Это уяснили себе некоторые офицеры и стали обращаться с командой более сдержанно, но не понимал этого мичман Воробейчик, продолжавший по-прежнему хорохориться и издеваться над матросами. При мне произошла сцена, едва не окончившаяся скандалом. Как-то перед обедом я выдавал команде ром. На верхней палубе у ендовы матросы выстроились в очередь. Мичман Воробейчик, спустившись с мостика и направляясь в кают-компанию, проходил мимо нас. Вдруг он повернулся и ни с того ни с сего закатил пощечину машинисту Шмидту, самому безобидному и смирному человеку.
— За что, ваше благородие? — испуганно раскрыв глаза, спросил Шмидт.
— Да так себе. Просто захотелось. На вот тебе еще, если мало! — и, улыбаясь, ударил машиниста еще раз.
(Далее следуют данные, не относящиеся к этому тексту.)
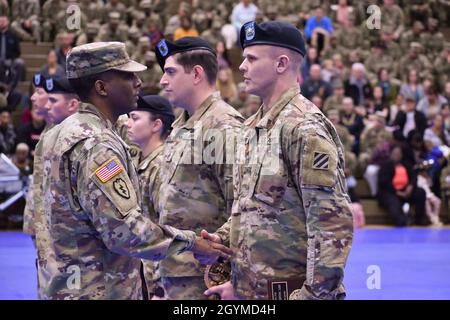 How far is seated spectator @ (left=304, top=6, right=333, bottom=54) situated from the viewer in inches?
726

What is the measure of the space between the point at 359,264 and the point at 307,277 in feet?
23.6

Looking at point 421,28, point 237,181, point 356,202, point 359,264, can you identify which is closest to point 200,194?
point 237,181

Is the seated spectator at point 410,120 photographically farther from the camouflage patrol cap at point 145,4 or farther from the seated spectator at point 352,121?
the camouflage patrol cap at point 145,4

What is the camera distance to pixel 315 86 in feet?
54.6

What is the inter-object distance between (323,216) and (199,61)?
1.69 m

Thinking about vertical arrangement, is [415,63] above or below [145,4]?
below

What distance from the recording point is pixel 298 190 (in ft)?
13.5

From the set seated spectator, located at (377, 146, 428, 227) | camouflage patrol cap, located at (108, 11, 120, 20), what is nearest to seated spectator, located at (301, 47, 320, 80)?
seated spectator, located at (377, 146, 428, 227)

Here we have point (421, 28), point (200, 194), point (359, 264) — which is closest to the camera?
point (200, 194)

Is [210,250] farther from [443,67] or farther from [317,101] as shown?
[443,67]

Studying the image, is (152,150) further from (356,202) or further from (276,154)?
(356,202)

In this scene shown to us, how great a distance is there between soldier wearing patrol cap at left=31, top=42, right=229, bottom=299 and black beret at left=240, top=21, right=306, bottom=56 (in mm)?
568

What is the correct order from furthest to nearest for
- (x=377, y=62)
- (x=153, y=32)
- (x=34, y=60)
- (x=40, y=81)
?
(x=377, y=62) < (x=153, y=32) < (x=34, y=60) < (x=40, y=81)

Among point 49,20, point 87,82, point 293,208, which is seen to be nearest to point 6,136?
point 49,20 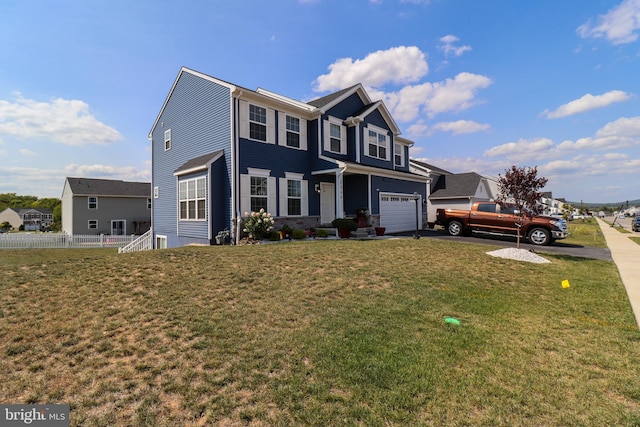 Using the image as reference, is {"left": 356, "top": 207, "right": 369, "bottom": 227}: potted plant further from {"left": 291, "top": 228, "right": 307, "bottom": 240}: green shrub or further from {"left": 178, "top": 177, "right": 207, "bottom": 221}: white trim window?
{"left": 178, "top": 177, "right": 207, "bottom": 221}: white trim window

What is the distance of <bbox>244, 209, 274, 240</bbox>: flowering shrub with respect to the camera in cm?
1239

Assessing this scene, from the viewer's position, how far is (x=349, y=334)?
167 inches

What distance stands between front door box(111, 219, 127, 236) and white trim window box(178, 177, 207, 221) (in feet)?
77.5

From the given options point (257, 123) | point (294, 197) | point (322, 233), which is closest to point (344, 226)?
point (322, 233)

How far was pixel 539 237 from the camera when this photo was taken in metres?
13.4

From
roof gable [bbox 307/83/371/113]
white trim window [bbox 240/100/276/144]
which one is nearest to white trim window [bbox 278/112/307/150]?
white trim window [bbox 240/100/276/144]

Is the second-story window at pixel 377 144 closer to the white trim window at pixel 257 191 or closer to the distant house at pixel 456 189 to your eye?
the white trim window at pixel 257 191

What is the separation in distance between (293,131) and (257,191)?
12.6 feet

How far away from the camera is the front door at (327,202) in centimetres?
1645

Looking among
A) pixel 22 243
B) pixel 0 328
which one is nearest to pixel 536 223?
pixel 0 328

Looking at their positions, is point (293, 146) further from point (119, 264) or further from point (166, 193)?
point (119, 264)

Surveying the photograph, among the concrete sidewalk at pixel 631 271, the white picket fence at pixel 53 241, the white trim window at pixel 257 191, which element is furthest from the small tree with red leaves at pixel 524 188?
the white picket fence at pixel 53 241

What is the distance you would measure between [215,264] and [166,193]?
11969 millimetres

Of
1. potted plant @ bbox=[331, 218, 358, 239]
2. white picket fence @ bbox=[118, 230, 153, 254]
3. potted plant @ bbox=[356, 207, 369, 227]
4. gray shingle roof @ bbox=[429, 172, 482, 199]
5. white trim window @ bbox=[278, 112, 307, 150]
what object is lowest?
white picket fence @ bbox=[118, 230, 153, 254] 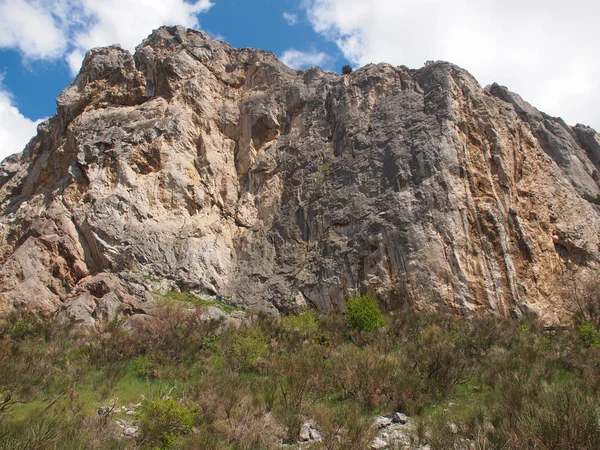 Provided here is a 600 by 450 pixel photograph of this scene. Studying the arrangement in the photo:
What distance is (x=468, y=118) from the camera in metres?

Он сейчас же написал записку, в которой приказывал мне выдать за его счет две чарки водки потерпевшему: по одной за каждую пощечину. Шмидт растерянно молчал. Но вместо него отчетливо промолвил кочегар Бакланов:
— Люблю я, братцы, своего гнедого мерина. Хошь кнутом лупцуй его, хошь воз тяжелый навали, — только кряхтит, а везет.
Мичман Воробейчик, поправляя на носу пенсне, откинул голову:
— Это ты про что, чумазый дурак?
Бакланов сделал шаг вперед и, сжимая кулаки, громко произнес сквозь зубы:
— Про лошадь, ваше благородие!
Взгляды их встретились. Мичман сразу понял все. Он был в чистом белом кителе с блестящими погонами на плечах, а перед ним вызывающе стоял, двигая тупым подбородком, грязный шестипудовый кочегар с обнаженной грудью, с остановившимися глазами.
Все матросы затаили дыхание, ожидая события.
— То-то, — бледнея, пробормотал Воробейчик и торопливо зашагал к корме.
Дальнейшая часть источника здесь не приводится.